Toomas Kalve’s retrospective exhibition includes all of his work so far, from his experiments as a schoolboy to his most important series: “The Life of Dead Birds”, “Back in Paris”, “Views of Supilinn”, “Tartu Botanical Garden and Toomemägi”, “Anatomikum 91”, “Kalvetarium”, “Coloured Nature” and others.
The birth of an image is inexplicable. Internal. Spontaneous. Toomas Kalve describes the state from which creation begins, what it is all about, as intuitive cognition. He does not analyse his works in the typical terms that unravel the concepts of contemporary art projects, such as narrative and discourse. The tangle of complicated words annoys him, makes his blood pressure rise visibly, but does not make him angry. These concepts are not just his domain because the aesthetics of light and shadow, with all the possibilities of photographic expression that pass between them, make the viewer feel and react. Each in their own way.
Few people know who they are and what they want to become as a child. Toomas Kalve wanted to become an art photographer in the sixth grade, and that is what he has become. The art world is largely characterized by the ambition to be constantly original. Against this background, the art of remaining yourself is a remarkable achievement. Through 45 years of creativity, using and holding his own line — taking pictures with a plate camera, using old technologies and crafting a refined image — has been a natural progression for Kalve, not a stagnation. His images and motifs have changed over time.
On a metaphysical level, the outcome of Kalve’s creative journey has been viewed as a parody or epitaph to the whole modern culture, the beginning of which is symbolised by the birth of photography. Regardless of the retrospectivity and parallels with the works of the Czech legend of photography, Josef Sudek (1896-1976), Kalve is distinctive and recognizable by his example.
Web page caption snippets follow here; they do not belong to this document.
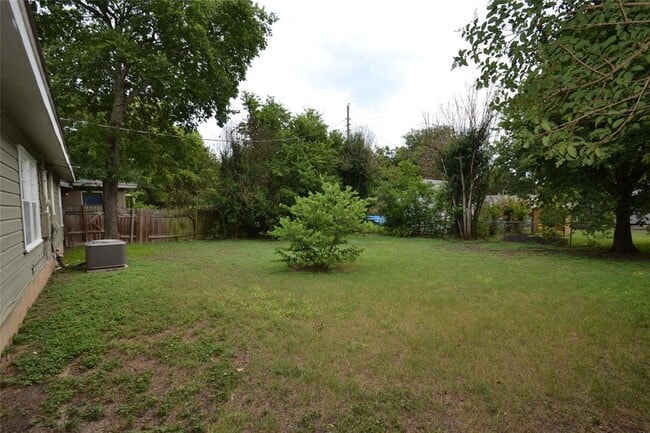 Building Photo - 1211 Ridgemont Dr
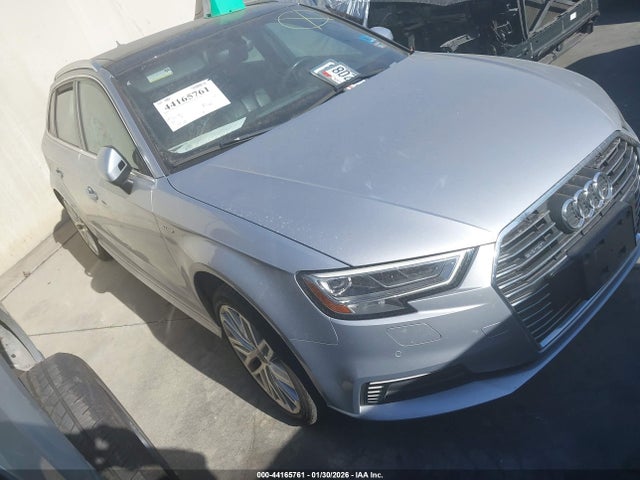 2018 AUDI A3 E-TRON WAUTPBFF5JA075981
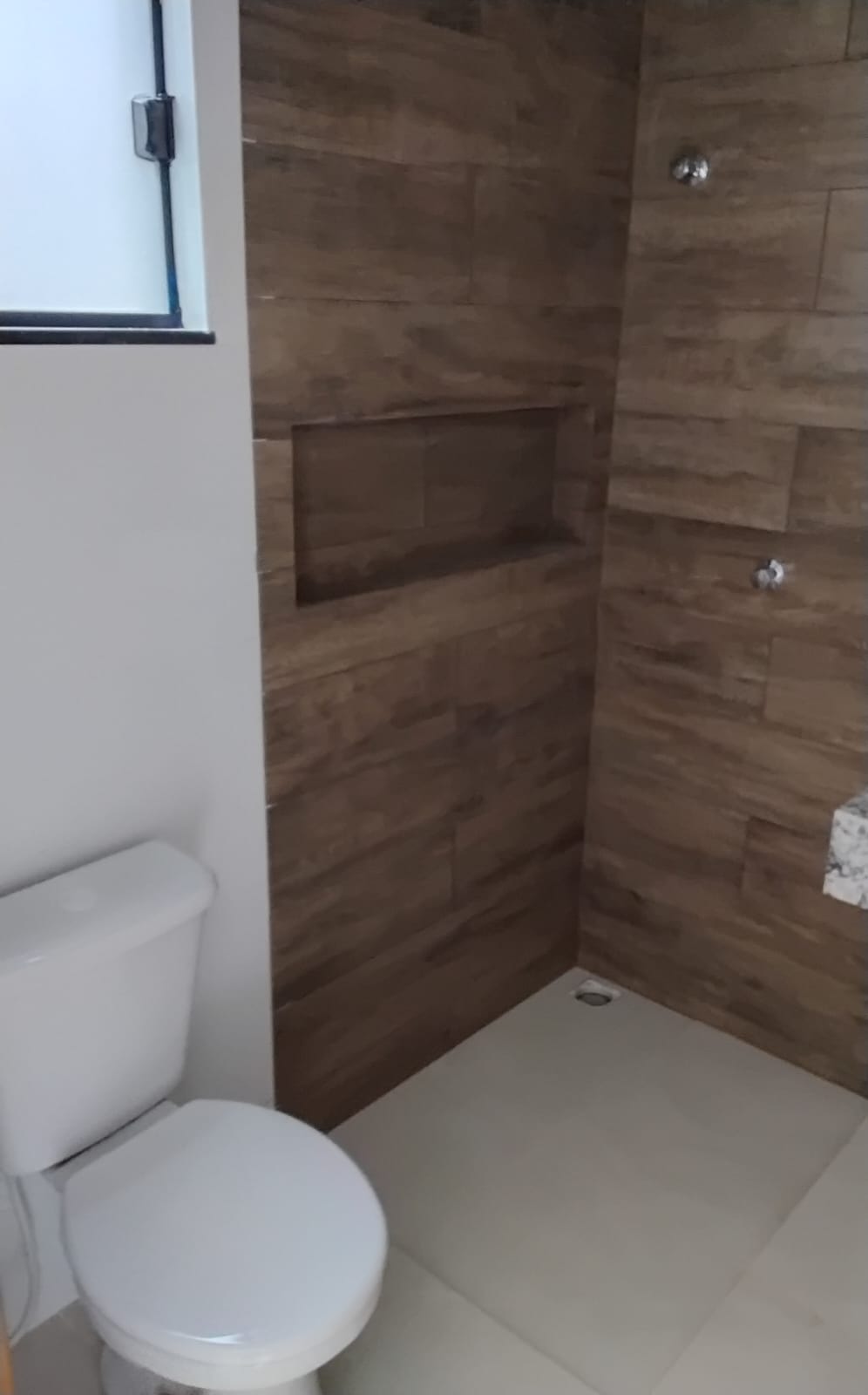 Casa 3 quartos com grande espaço de terreno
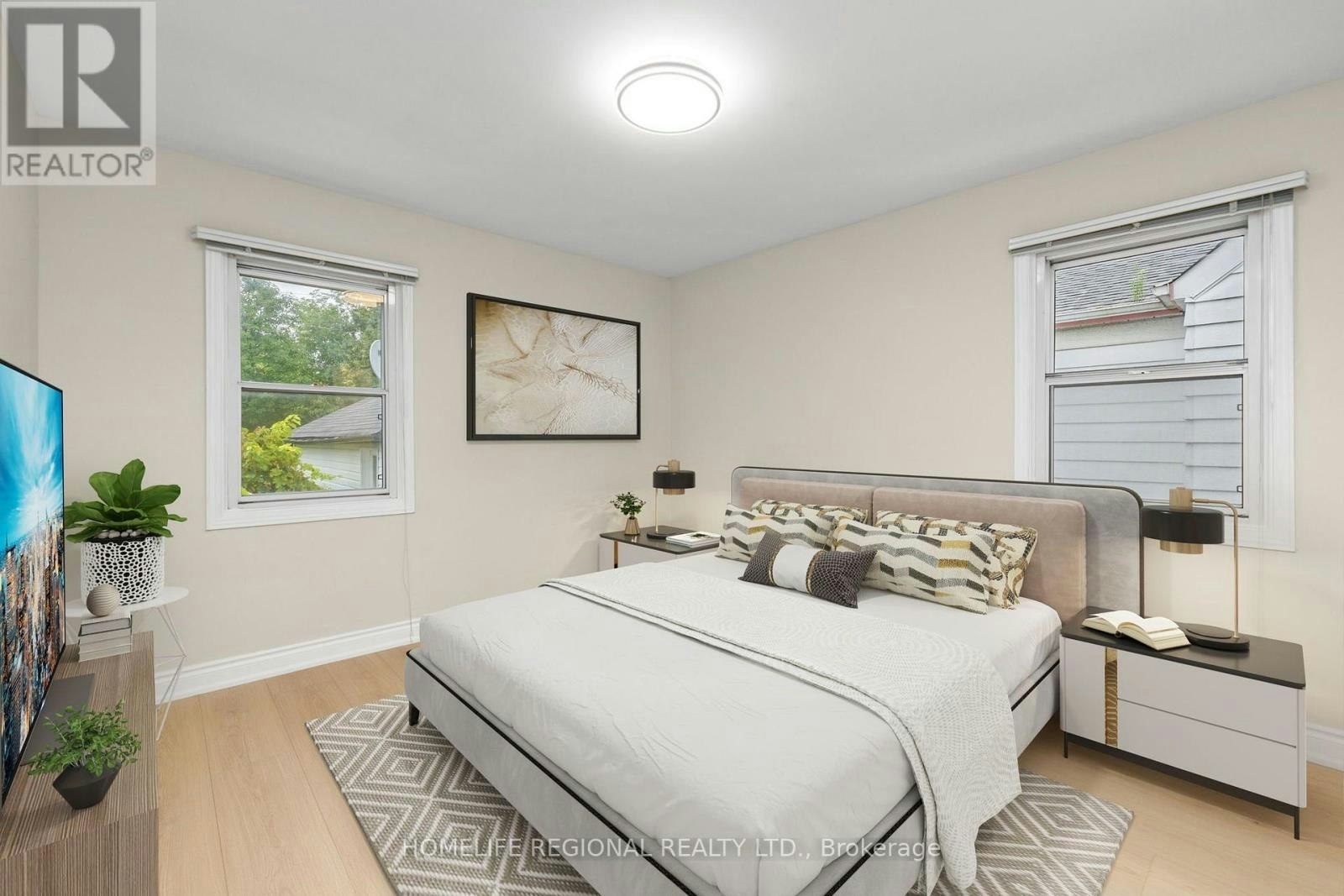 MAIN LEVEL-21 Acorn Avenue, Toronto, ON, M9B 3P7 - 22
Kalve does not imitate anyone or anything.
Peeter Laurits has given his own explanation to Kalve’s photos: “There is always one thing in Kalve’s pictures that causes shivers: often the light, but sometimes some detail is supported in such a way that when we see it, our sense of security in this world collapses. The picture is on its own and does not resemble anything. It is profound.”
Curator of the exhibition: Annika Haas
Toomas Kalve (1965) is an Estonian artist and photography lecturer from Tartu. He started working with photography in 1978 at the Tartu cultural building. Member of the Tartu Photo Club since 1982 and its president since 1988. Kalve is a founding member of the photography groups Eternally Yours (1990) and Kütioru Open Studio (1996). In 1999, he started working as a photography lecturer at the Tartu Art College. Kalve has had dozens of solo exhibitions and he has participated in dozens of group exhibitions both in Estonia and abroad. Kalve’s works can be found in the collections of the Museum of Photography, the Art Museum of Estonia, the Tartu Art Museum and the Tartu City Museum, as well as in private collections. In 1988, he received the Estonian Photo annual award. His work is characterized by the use of a plate camera of the 19th and 20th century, toning of photographs, retro nostalgia and mannerism.